**DATA BELOW**.
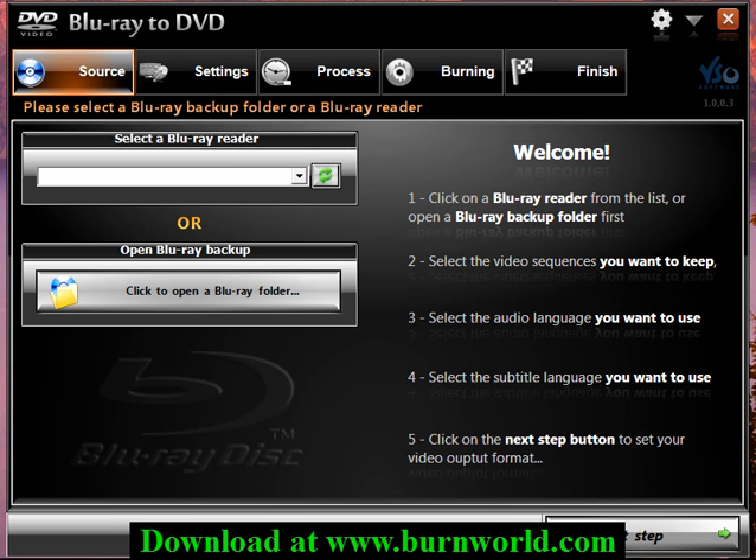Hi everyone. I wanted to make a quick video showing this new software called Blu-ray to DVD from VSO Software. It's pretty slick and I just wanted to show how easy it was to use to get a backup going.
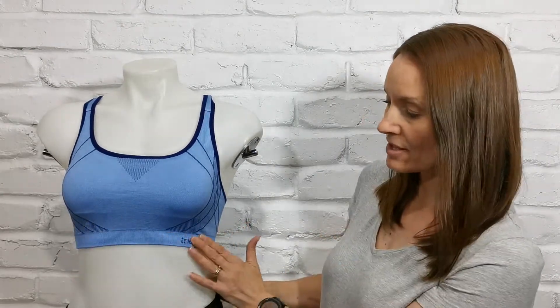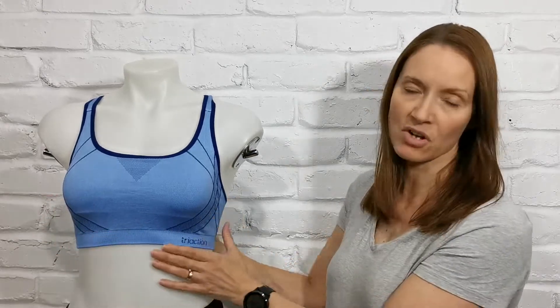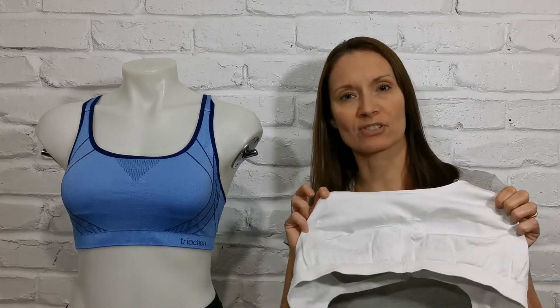It is crop styling, so it's non-wired, has a nice band coming through underneath and some shaping within the styling of the cups. But if you have a look on the inside of the cups, typical of a crop, there isn't any breast separation or inner cupping, so it is more of a straight across crop styling.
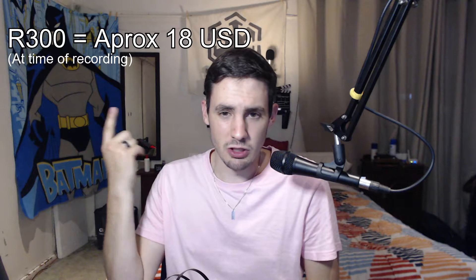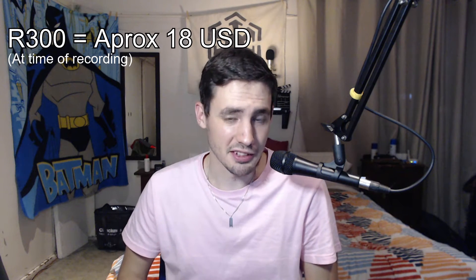I recently decided to try a brand new brand — for me at least — looking for an entry-level budget headset to travel with. I went and picked up a headset I've never heard about before from a brand no one seems to talk about but I do see quite often: Mission. I picked up what I'm calling their hippo headset, the MTHP020. I picked these up for 300 rand — US pricing will also be on screen.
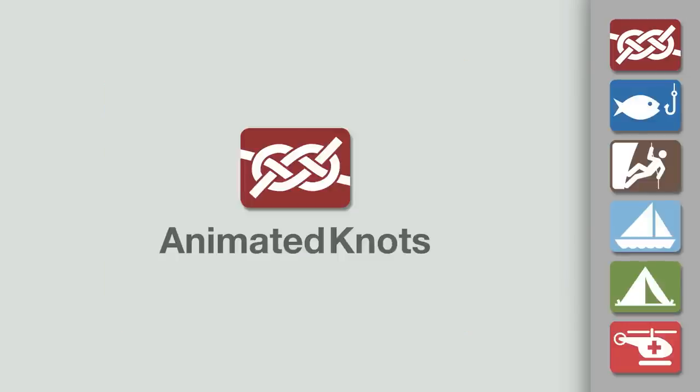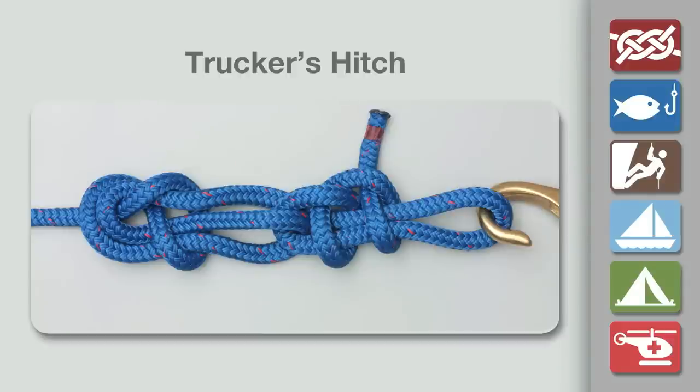Welcome to another knot tying demonstration from AnimatedKnots.com. This video teaches you how to tie the trucker's hitch.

**TASK BRIEF**. What is needed is an exact copy of the lines from the beginning of the data through the line containing "It is crop styling, so", both included, without any pictures.

**REPLY**.
Hi everyone. I wanted to make a quick video showing this new software called Blu-ray to DVD from VSO Software. It's pretty slick and I just wanted to show how easy it was to use to get a backup going.
It is crop styling, so it's non-wired, has a nice band coming through underneath and some shaping within the styling of the cups. But if you have a look on the inside of the cups, typical of a crop, there isn't any breast separation or inner cupping, so it is more of a straight across crop styling.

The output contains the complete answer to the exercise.